问题
I have a python project, whose folder has the structure
main_directory - lib - lib.py
- run - script.py
script.py
is
from lib.lib import add_two
spark = SparkSession \
.builder \
.master('yarn') \
.appName('script') \
.getOrCreate()
print(add_two(1,2))
and lib.py
is
def add_two(x,y):
return x+y
I want to launch as a Dataproc job in GCP. I have checked online, but I have not understood well how to do it.

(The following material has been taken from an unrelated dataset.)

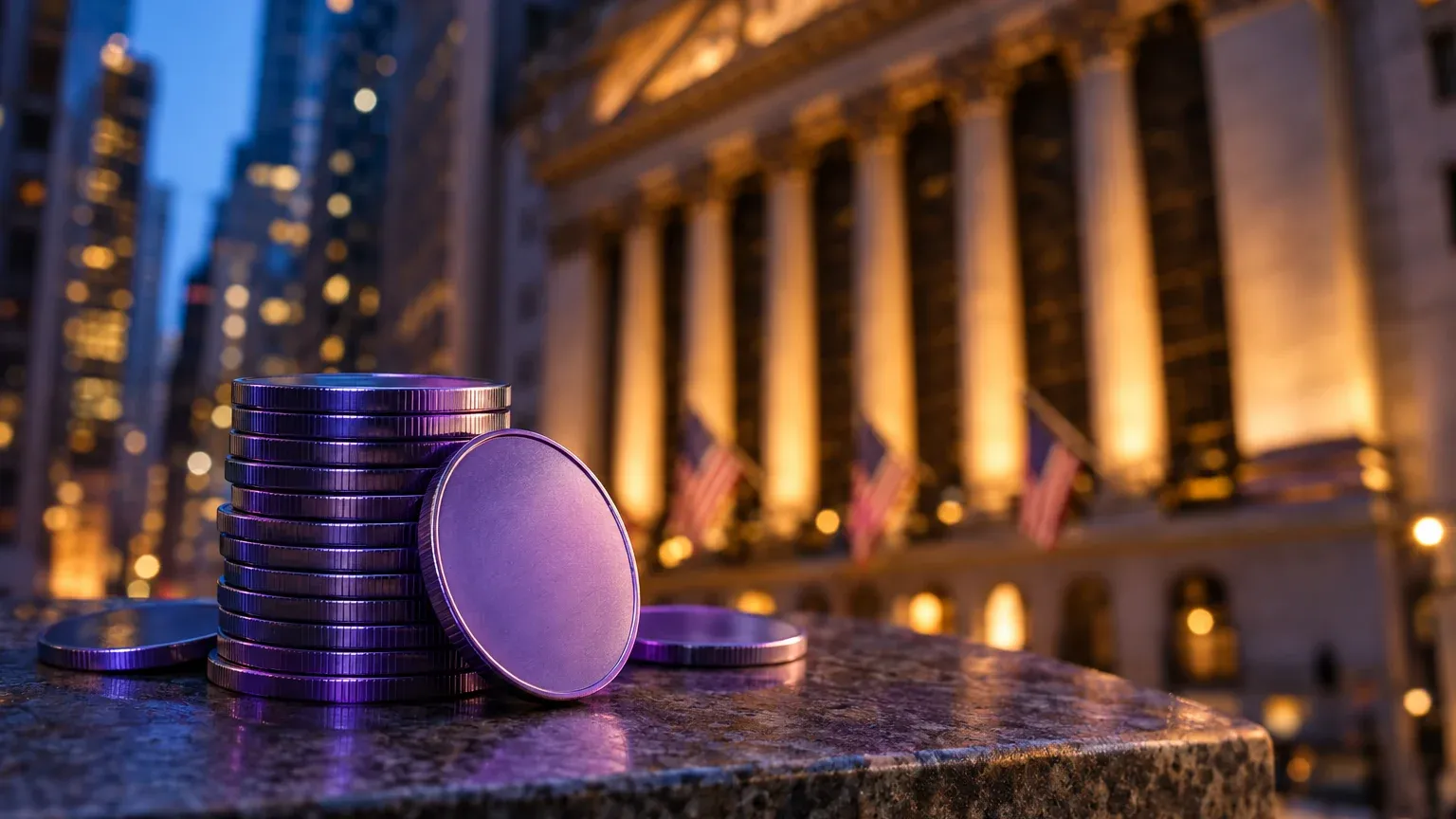 Stack of violet metal coins in front of a columned stock exchange facade at dusk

I am trying to launch the script with
gcloud dataproc jobs submit pyspark --cluster=$CLUSTER_NAME --region=$REGION \
run/script.py
But I receive the following error message:
from lib.lib import add_two
ModuleNotFoundError: No module named 'lib.lib'
Could you help me on how I should do to launch the job on Dataproc? The only way I have found to do it is to remove the absolute path, making this change to script.py
:
from lib import add_two
and the launch the job as
gcloud dataproc jobs submit pyspark --cluster=$CLUSTER_NAME --region=$REGION \
--files /lib/lib.py \
/run/script.py
However, I would like to avoid the tedious process to list the files manually every time.
Following the suggestion of @Igor, to pack in a zip file I have found that
zip -j --update -r libpack.zip /projectfolder/* && spark-submit --py-files libpack.zip /projectfolder/run/script.py
works. However, this puts all files in the same root folder in libpack.zip, so if there were files with the same names in subfolders this would not work.
Any suggestions?
回答1:
If you want to preserve project structure when submitting Dataroc job then you should package your project into a .zip
file and specify it in --py-files parameter when submitting a job:
gcloud dataproc jobs submit pyspark --cluster=$CLUSTER_NAME --region=$REGION \
--py-files lib.zip \
run/script.py
To create zip archive you need to run script:
cd main_directory/
zip -x run/script.py -r libs.zip .
Refer to this blog post for more details on how to package dependencies in zip archive for PySpark jobs.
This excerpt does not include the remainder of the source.